Quem é esse “pobre em espírito”? É aquele que tem o espírito vazio de si próprio, a ponto de reconhecer sua pequenez e pedir humildemente que Deus ocupe esse vazio do seu espírito. Não importa se a pessoa é rica ou pobre de dinheiro, pois não é impossível para o pobre ser arrogante, nem para o rico ser humilde. O Reino dos Céus é destas pessoas porque são estas que se permitem ser preenchidas, no seu vazio, pelo próprio Deus. São estas pessoas que espalham as sementes do Reino dos Céus em forma de amor e misericórdia.
“Felizes são os mansos” que se apresentam como os “puros de coração”, porque a malícia não encontra lugar em suas vidas. A ânsia pelo poder não poluiu as suas mentes (“coração”, no judaísmo, é a sede da inteligência e das decisões).
A “bem-aventurança” é uma promessa que já se inicia aqui na terra. A felicidade do Reino começa aqui e agora, entre nós.
Porém, no caminho da santidade não estamos isentos de adversidades, sofrimentos, renúncias, perseguições etc. É disso Jesus também fala: “Felizes os que são perseguidos por causa da justiça, porque deles é o Reino do Céu.
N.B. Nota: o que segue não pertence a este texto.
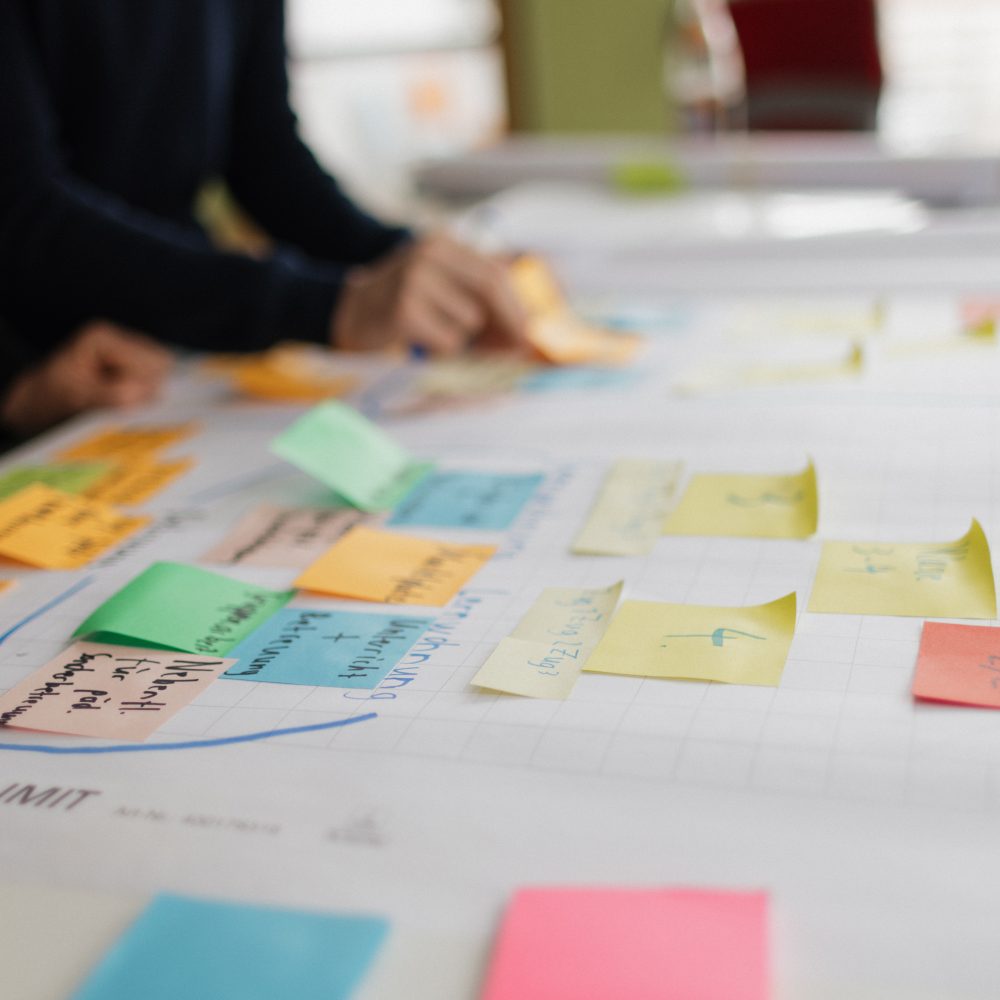 Die ersten Ideen werden bewusst als Post-It gesammelt - so werden Bedarfe und Zusammenhänge sichtbar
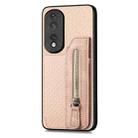 For Honor 80 Pro Carbon Fiber Horizontal Flip Zipper Wallet Phone Case(Khaki) - 2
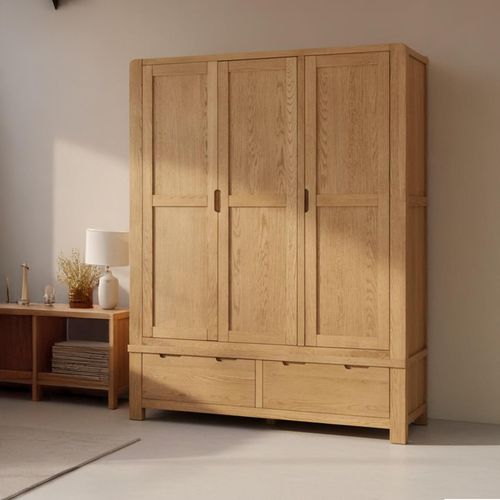 Bergen Wardrobe - 3 Door - 2 Drawer - Oak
Felizes vocês, se forem insultados e perseguidos, e se disserem todo tipo de calúnia contra vocês, por causa de mim. Fiquem alegres e contentes, porque será grande para vocês a recompensa no céu. Do mesmo modo perseguiram os profetas que vieram antes de vocês”.
O discípulo de Jesus deve ter consciência das consequências de seu modo de agir: será hostilizado por aqueles que se negam a reconhecer os direitos dos outros, mas se alegrará com a promessa da posse do Reino dos Céus.
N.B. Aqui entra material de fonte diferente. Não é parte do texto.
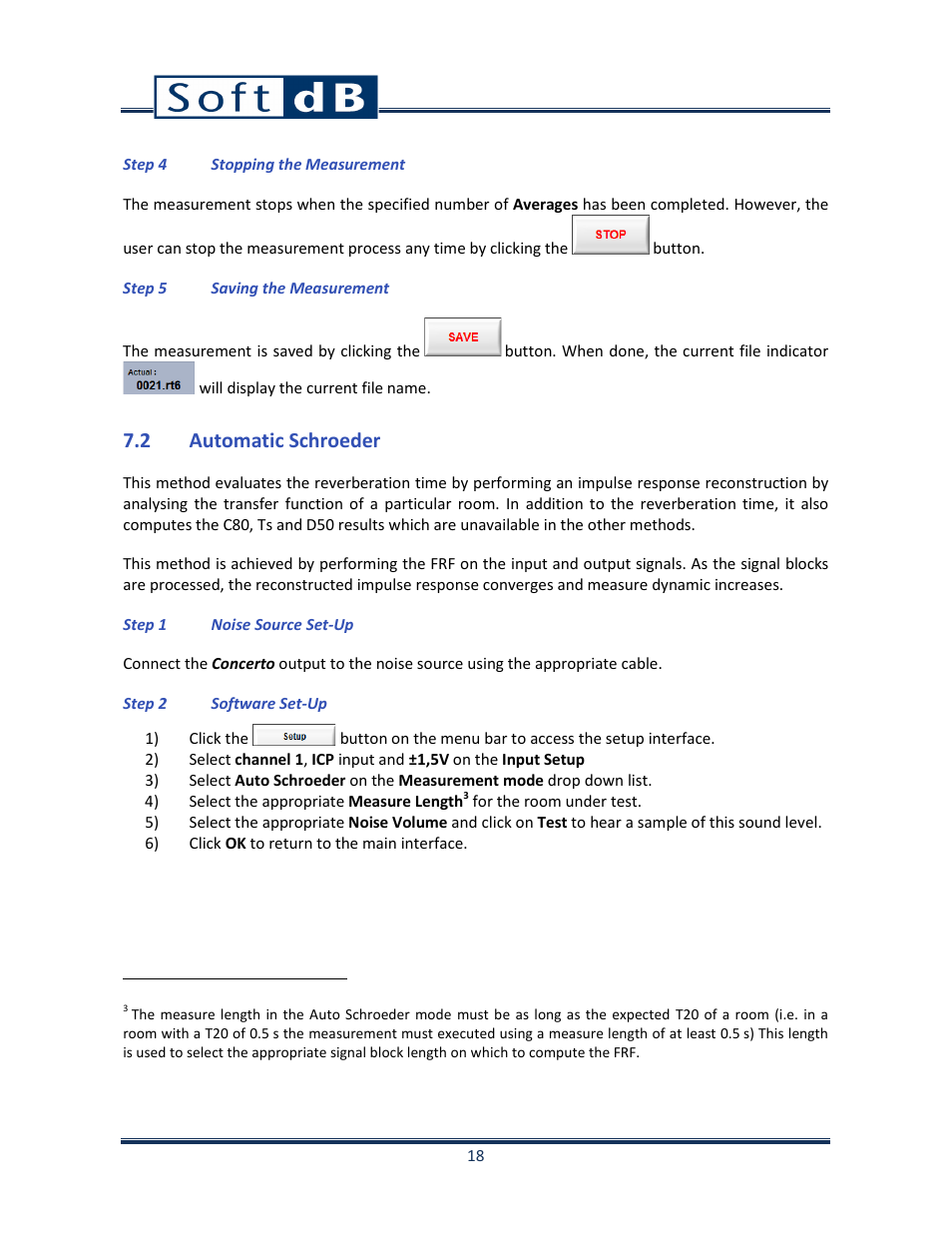 2 automatic schroeder | Soft dB Opus Suite Building Acoustics Module Reverberation Time ISO 3382 User Manual | Page 19 / 36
As bem-aventuranças constituem, de fato, o programa de vida do discípulo de Jesus. Se quisermos uma cartilha do cristão, aí está. Se alguém preferir um manual para ser um verdadeiro cristão, é só aplicá-lo.
O Evangelho de hoje é um sério questionamento para todos nós. As bem-aventuranças de Jesus de Nazaré estão numa franca oposição aos critérios do nosso mundo. Será que eu e você seríamos aprovados no vestibular ou no exame das bem-aventuranças? Quem de nós vive a Sua verdade? Tentemos!